Are we going to download only the ones we can actually download?

Nemo says: We want to download both

Plus Google uses a cover page and a watermark on those books, I think we can remove them, do you already have any solution?

Nemo says: Usually just pdftk to drop some pages + pdfimages for the rest is enough.

We can even extend this and search not only in Google Books but also in some other repositories, like www.gutenberg.org. Do you maybe already have a list of such websites? In case those websites have no public APIs, we can use Scrapy (a Python project, taking part of GSoC as well!) to scrape them.

Nemo says: We're interested in scans. There are many digital libraries but extracting metadata from them all is tough, better focus on one thing at a time though planned for extensibility.

Check if the book "Alice in Wonderland" has already been uploaded to Internet Archive[edit]

Internet Archive offers a API service, not very well desgined at a first look: https://archive.org/help/json.php

For instance this is the list of books present in Internet Archive when searching for "alice in wonderland": https://archive.org/advancedsearch.php?q=alice+in+wonderland+AND+mediatype%3Atexts&fl%5B%5D=identifier&sort%5B%5D=&sort%5B%5D=&sort%5B%5D=&rows=50&page=1&output=json&callback=callback&save=yes#raw

We can easly parse this json dictionary and get the right information, but how can we make sure that one of the books in the list is exactly the book coming from Google Books or anyway the book the user is interested in? Do we need user interaction here?

Nemo says: Probably the use is expected to search on archive.org first, but we're probably not going to have many dupllicates, we could check essential book info and if title, author, year match ask.

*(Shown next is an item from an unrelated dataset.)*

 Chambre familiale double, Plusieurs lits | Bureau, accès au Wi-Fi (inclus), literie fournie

PS: Internet Archive offers a service named OpenLibrary https://openlibrary.org/developers/api Those API seem to have a way better design than the previous one, but maybe the set of books in OpenLibrary is not the same as the one in Internet Archive

In case "Alice in Wonderland" has not been already uploaded to Internet Archive, we need to do that[edit]

You link the following library: https://pypi.python.org/pypi/internetarchive which seems to be proactively manintained (last commit on 2014-01-31), so it should work painlessly.

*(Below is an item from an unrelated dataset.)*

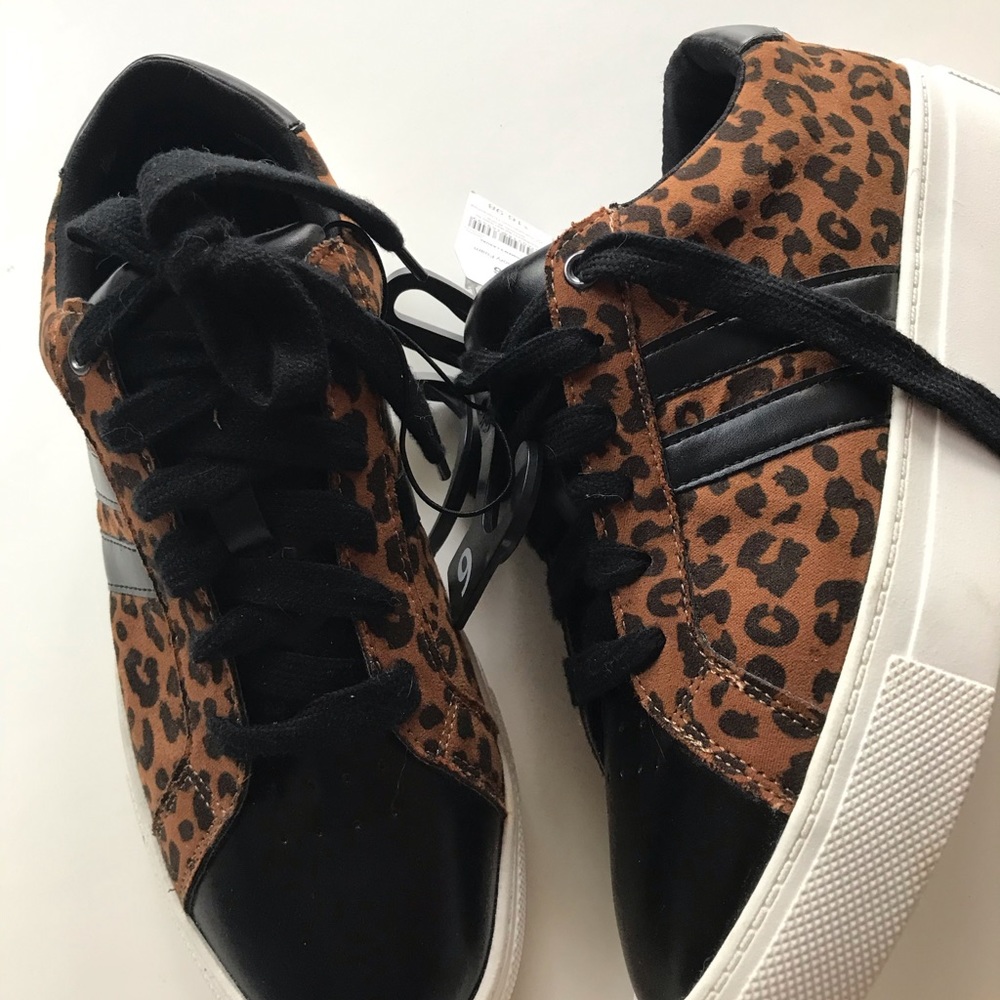 Time and tru leopard suede women’s girls Sneakers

Get the djvu from Internet Archive and upload to Commons[edit]

You mention that there is a tool named IA-Upload for this task. I have tested a bit the tool and it seems to be working correctly. If any maintenance is needed here I can help out with that, but my knowledge of php is really basic. If we want to rewrite this tool in Python, I am up for that as well. If we want to create a tool for the entire process, I would love to do that in Python.

Nemo says: For now we don't seek to rewrite IA-Upload from scratch, but it would be nice to trigger it automatically.

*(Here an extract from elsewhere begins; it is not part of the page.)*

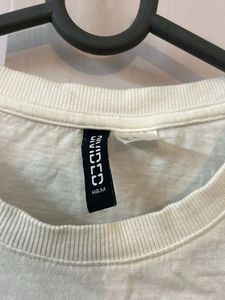 H&amp;M White Graphic Baby Tee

I believe we should try to estimate the effort for each task and give them a priority.

Nemo says: Yes! Very important.

I've never worked for a Open Source project but I've been willing to do that since many years, so I'm excited to finally have the chance to do so.

Also, please consider that I'd really love to take part of a Google Summer of Code project, so I will apply for more than one project (mainly Python projects). So could you please tell me if you have already many students interested in this task and if I have high/low chances to get this, so I can focus more on the right projects?

Nemo says: We have another person interested in this project. We can have multiple persons applying for the same project and your proposal looks more structured, I'd like you to publish it with the tweaks from the answers above (otherwise I have to summarise them myself in the projext idea :P). We also have closely related projects which are instead in PHP, so there may be room for everyone anyway.